Have you heard of Shitamachi? Shitamachi is often used to describe an old town with a traditional atmosphere. Shitamachi literally means ‘lower city’ and is associated with the ‘common’ people’s culture and life, before WWII. It is hard to define the exact ‘old centre of Tokyo’, as, unlike many European cities, the old centre of Tokyo is scattered all over the city. There are many Shitamachi areas in Tokyo, including some popular ones such as Asakusa and Shibamata. In these areas you can see many (famous) temples and shrines, as well as beautiful townscapes created by traditional houses and structures dating back to the Edo period through the Showa period. Here is our list of Shitamachi areas in Tokyo and popular tourist attractions around!
1. Asakusa (Nakamise Street)
Asakusa attracts numerous visitors from around the world as one of the most popular tourist destinations in Tokyo. This historical area boasts a number of incredible spots such as Senso-ji, the oldest Buddhist temple in Tokyo with over 1,300 years of history. Nakamise Street (also known as “Nakamise-dori”) refers to the lively shopping street, leading up to the famous temple.

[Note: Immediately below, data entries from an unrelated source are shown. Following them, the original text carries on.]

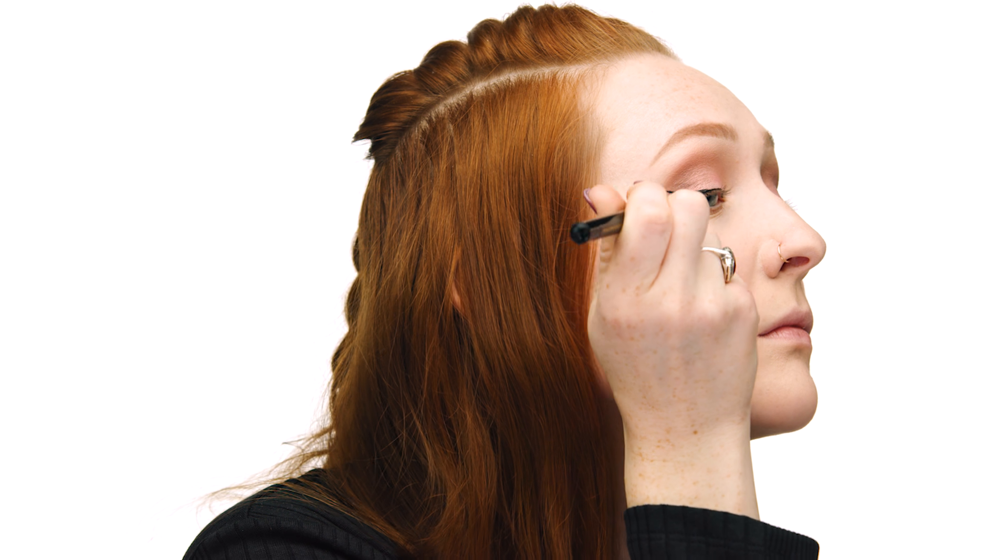Moving on to eyeliner, I'm using one of my favorite liquid liners — the Pat McGrath Labs Perma Precision Liquid Eyeliner. I like to start by lining the inner corner of my eye first, keeping it as close to the lash line as possible. Moving toward the outer corner, I start with a very thin line following the lash line before flicking out into a wing shape. Once I've created the top of the wing, I connect the bottom line to the top line of the wing and proceed to fill it in.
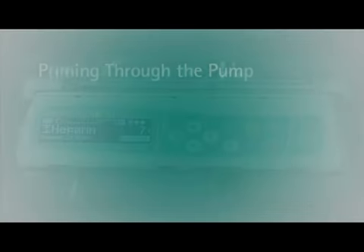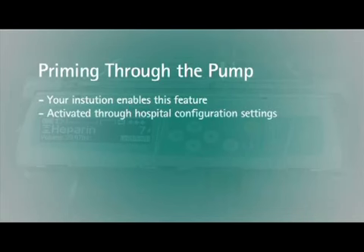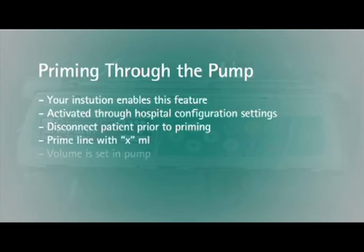Some institutions may elect to enable the optional priming feature to prime the tubing through the pump. This feature is activated through hospital configuration settings. The pump will display a brief message advising you to disconnect the patient prior to priming. The display will read Prime Line with X mils. The priming volume is set in the pump configuration. Press the up arrow for Yes to prime the prompted amount.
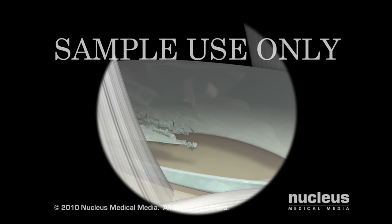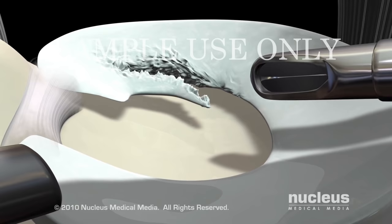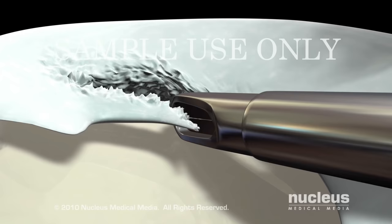Images from the arthroscope's camera are magnified and projected onto a video monitor. Your surgeon will carefully examine the inside of your knee joint, locate the damage, remove any loose or severely injured parts, and use a shaving instrument to smooth any jagged edges.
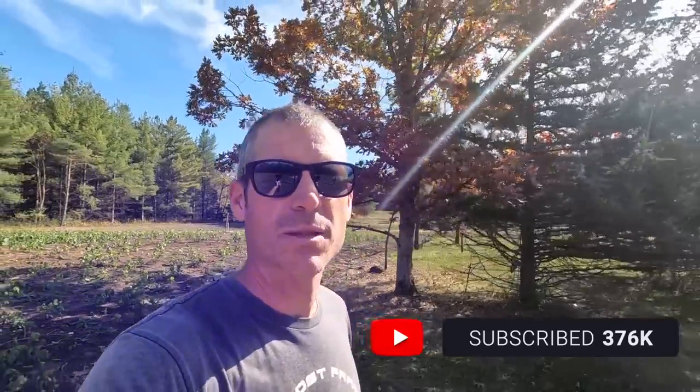As always, we appreciate you guys watching. If you haven't already, hit that subscribe button, share it with your friends, and we'll catch you on the next video.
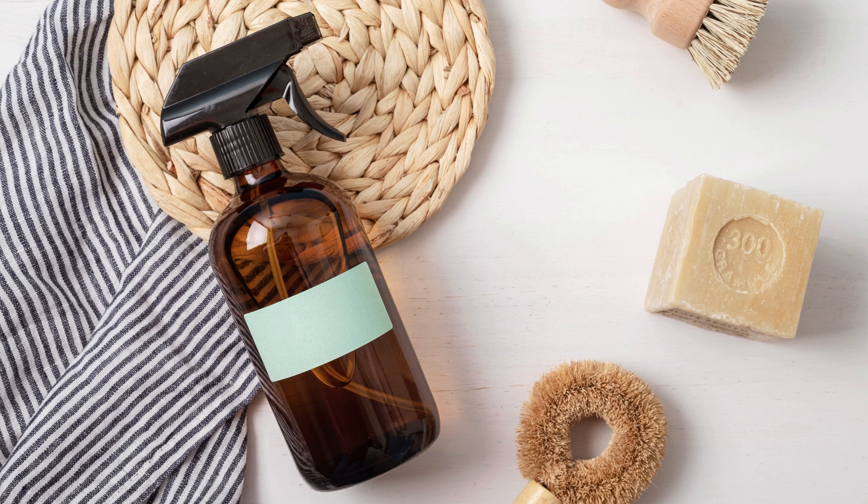Welcome to our DIY Cleaning Kit Essentials video. Today we'll show you how to build your very own cleaning kit to tackle messes like a pro. Let's get started.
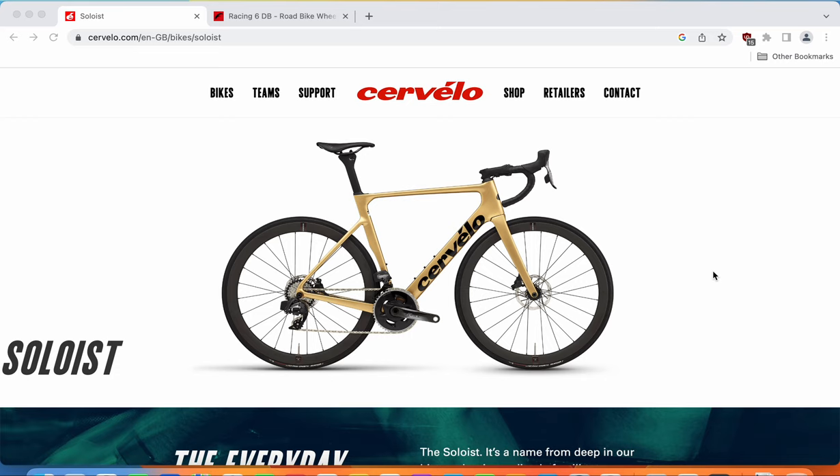Hello friends and welcome to another episode of Cycling Insider. In this episode, I will give you the buyer's guide for the 2023 Cervelo Soloist road bike. It's an interesting bike from Cervelo. As Cervelo explains, it is a do-it-all road bike which is also aerodynamically optimized. When you look at the carbon frame, fork, and seat post, you can see that everything is nicely aerodynamically optimized to reduce drag.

The beginning of Nakamise street dates back to the Edo period, when Tokyo (Edo during that time) saw a significant increase in its population in accordance with the rapid development as the political and business center of Japan. There are currently about 90 stalls and shops lining the street, selling a range of products and merchandise, including traditional Japanese sweets, local specialties, small gifts and more. You can enjoy exploring the busy street while feeling the vibe of downtown back in the Edo period.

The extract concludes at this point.